When the torch burned out, she threw it to the ground and went on searching, paying no attention to the twigs that stung her face and the brambles that scratched her bare legs and tore at her dress. The setting sun gave off a pale, watery light that barely filtered through the leaves, but she had sharp eyes and rarely stumbled. Once some big animal moved in a thicket, grunting and cracking sticks, and instead of fleeing as she would have if she had been in her right mind, she hurried toward the sound thinking it might be Arang, but when she got there she found nothing but a trampled place and a pile of fresh bear dung.
"Stay away from my brother!" she yelled, picking up a stick and hurling it at the dung. "Stay away from him, Bear Woman, or I'll make you sorry you ever came into the forest!" It was a crazy threat — even she knew it was crazy — but she no longer cared. A kind of fury possessed her. She picked up another stick and pounded on a hollow log, drumming it into life. The sound was muffled, swal
lowed by the trees, but still she went on drumming and yelling to Arang. Finally she gave up. Exhausted, she dropped the stick and threw herself to the ground, where she lay panting, trying to catch her breath.

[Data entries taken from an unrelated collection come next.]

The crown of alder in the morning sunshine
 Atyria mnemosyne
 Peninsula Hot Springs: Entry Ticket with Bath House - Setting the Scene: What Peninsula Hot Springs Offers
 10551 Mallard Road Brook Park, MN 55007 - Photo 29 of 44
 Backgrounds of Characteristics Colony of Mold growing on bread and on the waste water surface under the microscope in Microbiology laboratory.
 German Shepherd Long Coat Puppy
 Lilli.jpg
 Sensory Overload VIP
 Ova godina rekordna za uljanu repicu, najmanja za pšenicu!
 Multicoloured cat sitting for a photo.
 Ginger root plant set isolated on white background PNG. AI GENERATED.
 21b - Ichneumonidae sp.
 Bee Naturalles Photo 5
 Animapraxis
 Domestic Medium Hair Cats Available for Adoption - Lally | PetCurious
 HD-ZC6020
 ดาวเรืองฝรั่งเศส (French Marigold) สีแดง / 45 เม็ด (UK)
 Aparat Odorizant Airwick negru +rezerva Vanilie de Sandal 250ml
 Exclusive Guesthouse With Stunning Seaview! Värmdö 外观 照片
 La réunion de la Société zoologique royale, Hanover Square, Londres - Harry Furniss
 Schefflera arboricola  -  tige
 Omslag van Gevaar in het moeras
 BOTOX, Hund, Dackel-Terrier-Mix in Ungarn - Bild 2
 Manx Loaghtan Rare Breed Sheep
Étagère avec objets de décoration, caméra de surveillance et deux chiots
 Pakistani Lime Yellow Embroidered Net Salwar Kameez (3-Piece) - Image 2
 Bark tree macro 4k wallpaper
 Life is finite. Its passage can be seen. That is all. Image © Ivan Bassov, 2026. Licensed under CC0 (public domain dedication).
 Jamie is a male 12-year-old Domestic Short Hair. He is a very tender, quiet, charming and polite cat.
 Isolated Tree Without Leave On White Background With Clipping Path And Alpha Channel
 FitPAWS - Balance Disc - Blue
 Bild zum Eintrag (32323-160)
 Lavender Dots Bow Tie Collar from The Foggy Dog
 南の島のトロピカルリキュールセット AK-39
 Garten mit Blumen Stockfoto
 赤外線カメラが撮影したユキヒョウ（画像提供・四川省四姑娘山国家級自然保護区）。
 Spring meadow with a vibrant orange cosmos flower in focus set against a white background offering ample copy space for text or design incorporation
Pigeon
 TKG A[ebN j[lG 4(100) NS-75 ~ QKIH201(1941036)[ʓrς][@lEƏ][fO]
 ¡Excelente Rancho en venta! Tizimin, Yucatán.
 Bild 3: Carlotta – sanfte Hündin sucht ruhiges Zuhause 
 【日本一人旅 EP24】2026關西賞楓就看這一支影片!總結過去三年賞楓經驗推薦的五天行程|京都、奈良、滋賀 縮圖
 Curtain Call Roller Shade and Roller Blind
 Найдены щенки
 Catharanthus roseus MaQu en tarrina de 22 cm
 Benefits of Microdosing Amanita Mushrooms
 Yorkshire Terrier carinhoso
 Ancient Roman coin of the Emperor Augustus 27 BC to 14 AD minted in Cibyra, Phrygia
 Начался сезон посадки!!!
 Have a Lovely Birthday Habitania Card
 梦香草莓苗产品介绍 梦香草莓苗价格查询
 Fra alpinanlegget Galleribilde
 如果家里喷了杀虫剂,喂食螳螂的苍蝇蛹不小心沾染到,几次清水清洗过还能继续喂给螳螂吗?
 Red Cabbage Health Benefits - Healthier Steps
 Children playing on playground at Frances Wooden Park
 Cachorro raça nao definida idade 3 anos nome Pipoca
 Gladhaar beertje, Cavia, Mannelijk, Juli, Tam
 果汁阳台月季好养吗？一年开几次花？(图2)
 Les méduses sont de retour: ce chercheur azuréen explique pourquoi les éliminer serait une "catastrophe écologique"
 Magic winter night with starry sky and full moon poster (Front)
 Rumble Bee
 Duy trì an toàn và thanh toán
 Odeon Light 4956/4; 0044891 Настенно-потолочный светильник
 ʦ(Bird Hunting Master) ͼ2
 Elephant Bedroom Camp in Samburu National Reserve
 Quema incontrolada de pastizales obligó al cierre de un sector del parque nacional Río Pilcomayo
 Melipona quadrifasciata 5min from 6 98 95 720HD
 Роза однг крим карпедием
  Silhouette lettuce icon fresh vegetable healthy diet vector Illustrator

She thought of Stavan and how he could track a deer across stony ground, and she cursed him for being gone when he was needed. Why in the name of that Hansi hell he was always telling her about hadn't he stayed closer to camp? If he hadn't gone off hunting this evening, Arang wouldn't have gone either. But that wasn't fair. How could Stavan have known that Arang would pick tonight to get lost?
She decided she was going about this the wrong way. It was useless to blame Stavan or anyone else. What she needed to do was try to think like Arang. Getting to her feet, she brushed the dirt and leaves off her dress and headed back to the river. When she got to the campsite, she found that Zastra had joined the search. Perhaps that meant Stavan had come back. She threw a log on the fire and stood for a moment listening, but if the four of them were out there calling to Arang she couldn't hear their voices.
She closed her eyes. If I were Arang, she thought, what would I have done? Where would I have gone? I would have been angry at Stavan and at my sister and hurt at the idea of being treated like a child so I would have moved quickly the way people do when they're angry, and silently too, because I would have been afraid of being caught before I could get away.
She opened her eyes and looked around the clearing. The only quick, silent way to disappear from the camp was to walk behind the large bush on the other side of the campfire and then run into the forest before anyone noticed you were missing. Not only would the bush protect you from prying eyes, it also stood in front of a small rabbit trail, one of the dozens that led down to the water. Arang must have taken that trail!
She hurried over to the bush and looked behind it and was rewarded with the sight of a small muddy footprint. "Stavan! Zastra! Rhom! Shema! Come here!" she cried. "I've found Arang's tracks!" but no one answered. She took her knife from her belt, hacked off another dead stick to use as a torch, lit it, and hurried down the trail looking for more tracks, and soon she found them: not just one, but dozens. There were three kinds: Arang's small bare foot, a larger imprint of a sandal, and a boot. Zastra and Stavan were already on his trail! With a whoop of joy, she ran on, expecting to see Arang at any moment, perched on Stavan's shoulders, looking sheepish and apologetic.